Figure 1: Correlation plot for haemoglobin with the line of equality.

Figure 1: Correlation plot for hemoglobin with the line of equality.

An alternative might be to consider the paired t-test which compares mean differences between two observations in a group, but this would also be a common statistical pitfall. The paired t-test can be non-significant if the average difference between paired values is small, even if the difference between two observers for individuals is large.

Figure 2: Correlation plot for systolic blood pressure with line of equality.

Figure 2: Correlation plot for systolic blood pressure with line of equality.

Figure 2 shows the correlation plot for systolic blood pressure measurements and we can see that for individuals, the differences between the two methods of measurement is large at the two extremes. The average difference across all individuals, however, is in fact small at 1.32, and a paired t-test yields a p-value of 0.70, suggesting that there is no difference between the two, even though this plot suggests that the two methods of measurement do not agree. Additionally, when comparing two method of measurement, it is unlikely that the different methods will agree exactly by giving identical results for all individuals. We typically wish to know by how much methods differ, and if this is not enough to cause problems, we can replace the old method with the new. With sufficiently large sample sizes, even small differences between measurements would yield small p-values.

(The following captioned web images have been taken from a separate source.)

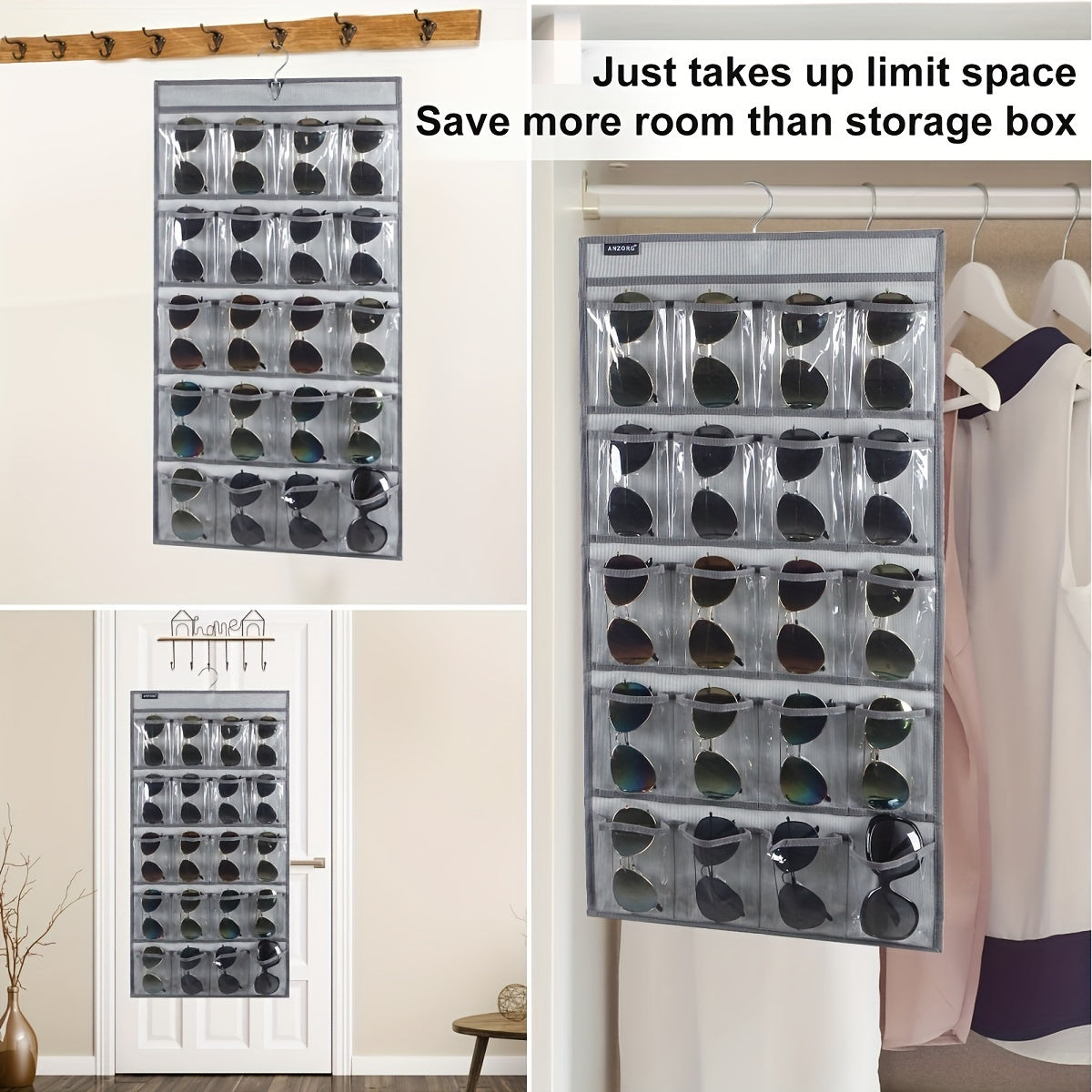 Dual Sided Hanging Sunglasses Organizer Storage Wall Mounted Eyeglasses Holder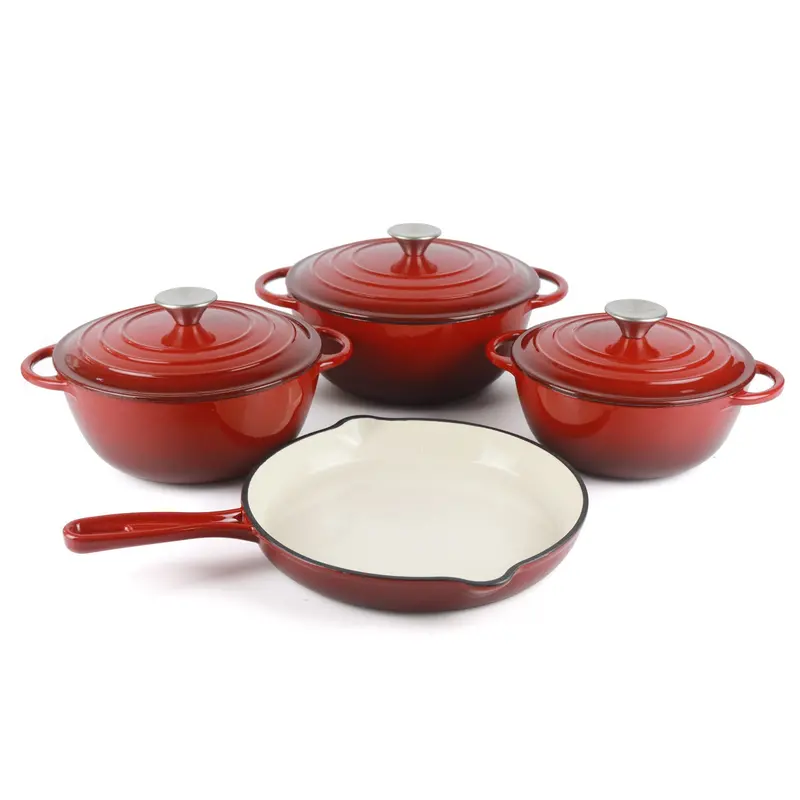 7-Piece African Red Enamel-Coated Cast Iron Cookware Collection 1
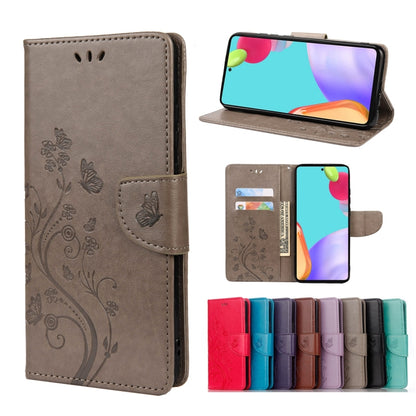 For Samsung Galaxy A33 5G Butterfly Flower Pattern Horizontal Flip Leather Phone Case with Card Slot & Holder(Grey) - Samsung Accessories by buy2fix | Online Shopping UK | buy2fix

The Bland-Altman plot is a display of the differences between pairs of readings against the mean of measurement and offers insight into the extent of agreement. We summarize the lack of agreement by calculating the bias, estimated by the mean difference, d, and also calculate the standard deviation of the differences, s. If the differences are normally distributed, we would expect most of the differences to lie between approximately d - 2s and d + 2s. These upper and lower bounds are referred to as the “limits of agreement” and allow the assessment of concurrence. If differences are not clinically important, methods can be used interchangeably. An example of the Bland-Altman plot for hemoglobin is given in Figure 3.

Figure 3: Bland-Altman plot for haemoglobin.

Figure 3: Bland-Altman plot for hemoglobin.

Importantly, there is no uniform criteria for what constitutes acceptable limits of agreement. This is a subjective decision, which must be made from a clinical perspective and is dependent on the variable being measured and must be pre-specified. 

Why is all this important? Well according to, the number of trials using the Bland-Altman as a primary analysis is on the up, but an examination of some of these studies in more detail shows that this methodology is often misused, and sample size calculations not properly considered. Chhapola et al (2015) found that there is incomplete reporting of the Bland-Altman methodology in published clinical trials and state “despite its simplicity, B-A appears not to be completely understood by researchers, reviewers and editors of journals.”[1] As the need for comparisons of methods of measurements increases, so will the use of the Bland-Altman methodology, and we, as statisticians, have a crucial role to play in making sure that it is used correctly. 


  1. V Chhapola, SK Kanwal, and R Brar. Reporting standards for Bland–Altman agreement analysis in laboratory research: a cross-sectional survey of current practice. Annals of Clinical Biochemistry, 2015. 52(3):382-386.